A film adaptation of the novel has been mooted since the 1960s: while certainly not “unfilmable,” as some have branded it over the years, with its formless, episodic structure and itchily wordy prose, it’s hardly surprising that it’s taken this long to come to fruition. Salles and Rivera have taken on a beast, but after taming another daunting road-based text in “The Motorcycle Diaries,” they’ll be hoping to repeat the trick.
The pedigree: This is Salles’s third time in Competition at Cannes, though he has yet to win a prize from the jury: “The Motorcycle Diaries” was rewarded with Ecumenical Jury Prize (and went on to land him a BAFTA, among other year-end honors for the film), while his polite but tepidly received 2008 follow-up, “Linha de Passe” won a surprise Best Actress award for Sandra Corveloni. His biggest European festival coup remains the Golden Bear at Berlin for his Oscar-nominated 1998 breakthrough “Central Station.” “On the Road” is his first English-language work since his 2005 horror remake “Dark Water,” an attempt to crack the mainstream that is better than some would have you believe.

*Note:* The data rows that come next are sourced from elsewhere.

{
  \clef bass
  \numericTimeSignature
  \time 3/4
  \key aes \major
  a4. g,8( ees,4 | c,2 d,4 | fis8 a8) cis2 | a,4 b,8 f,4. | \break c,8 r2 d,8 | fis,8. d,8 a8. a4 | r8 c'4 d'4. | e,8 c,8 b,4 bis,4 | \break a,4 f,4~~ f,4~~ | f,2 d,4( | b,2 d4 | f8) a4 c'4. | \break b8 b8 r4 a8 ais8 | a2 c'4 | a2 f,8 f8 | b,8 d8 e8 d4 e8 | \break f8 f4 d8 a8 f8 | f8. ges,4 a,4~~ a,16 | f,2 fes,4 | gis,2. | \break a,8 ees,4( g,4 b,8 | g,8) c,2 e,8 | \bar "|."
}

The buzz: In terms of media attention, buzz is through the roof: the star-spangled cast, combined with the film’s classic, even cult-inspiring, source material and famously protracted journey to the screen, ensures this will be one of the biggest red-carpet draws of the festival. (If nothing else, it’s prompting certain message-board groupies to expand their literary horizons beyond Stephenie Meyer, so hurray for that.) Critically, however, the film has rather a lot of scepticism to overcome: there are many who believe Kerouac’s novel resists successful screen treatment, while others would prefer a more aggressive stylist than Salles, not a name that gets auteurist cinephiles particularly fired up, to have taken it on. A predictably handsome trailer answered few questions, so it’s all to play for. Still, news of the film being acquired by IFC and Sundance Selects promises a healthy arthouse profile even if the critics don’t swoon.

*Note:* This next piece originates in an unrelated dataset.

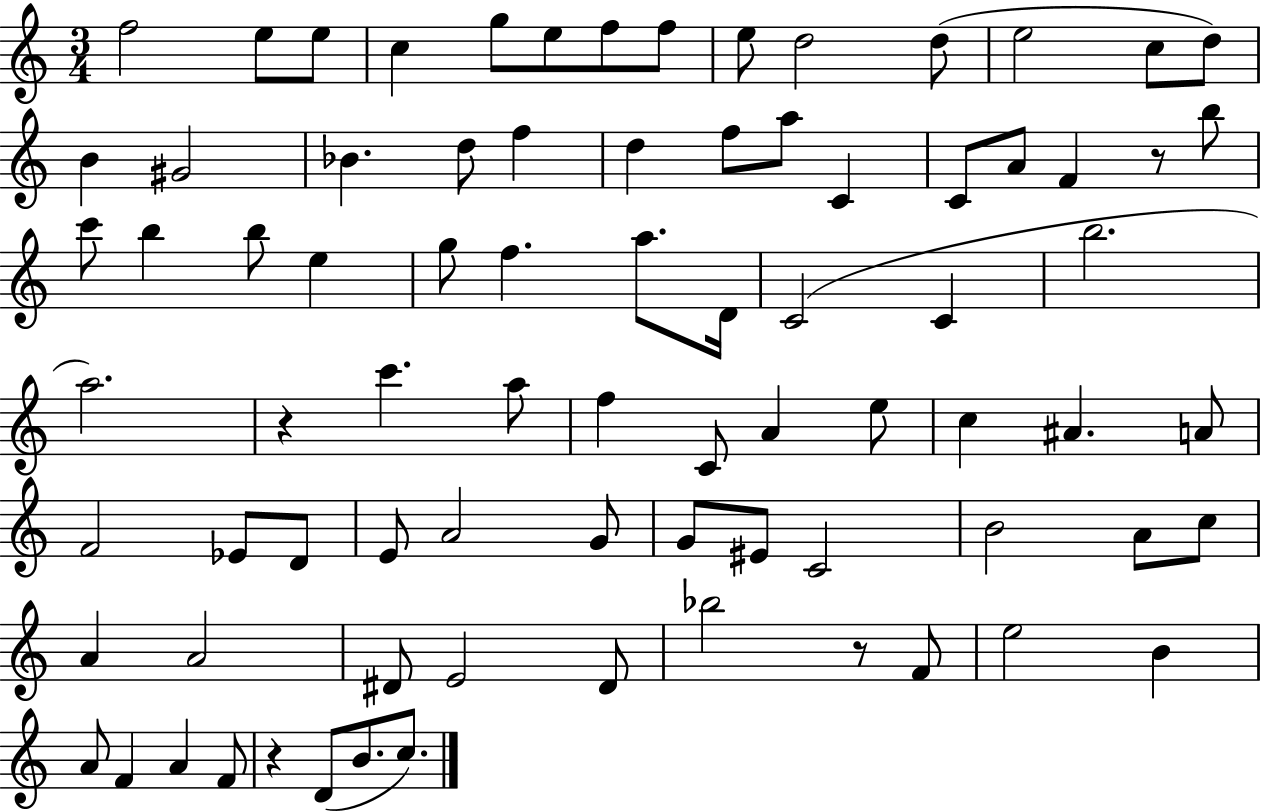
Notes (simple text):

F5/h E5/e E5/e C5/q G5/e E5/e F5/e F5/e E5/e D5/h D5/e E5/h C5/e D5/e B4/q G#4/h Bb4/q. D5/e F5/q D5/q F5/e A5/e C4/q C4/e A4/e F4/q R/e B5/e C6/e B5/q B5/e E5/q G5/e F5/q. A5/e. D4/s C4/h C4/q B5/h. A5/h. R/q C6/q. A5/e F5/q C4/e A4/q E5/e C5/q A#4/q. A4/e F4/h Eb4/e D4/e E4/e A4/h G4/e G4/e EIS4/e C4/h B4/h A4/e C5/e A4/q A4/h D#4/e E4/h D#4/e Bb5/h R/e F4/e E5/h B4/q A4/e F4/q A4/q F4/e R/q D4/e B4/e. C5/e.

The odds: The bookies can sometimes be distracted by shiny star names, but not this time: with Paddy Power odds of 25-1, the film is at the back of the pack for the Palme d’Or, and will really need to wow the Croisette to turn that around. (That said, if Rivera does even a serviceable job of this daunting adaptation assignment, he could be in line for Best Screenplay honors.) An encouraging critical response, backing up its prestige-season US release, would be a big enough win for the film.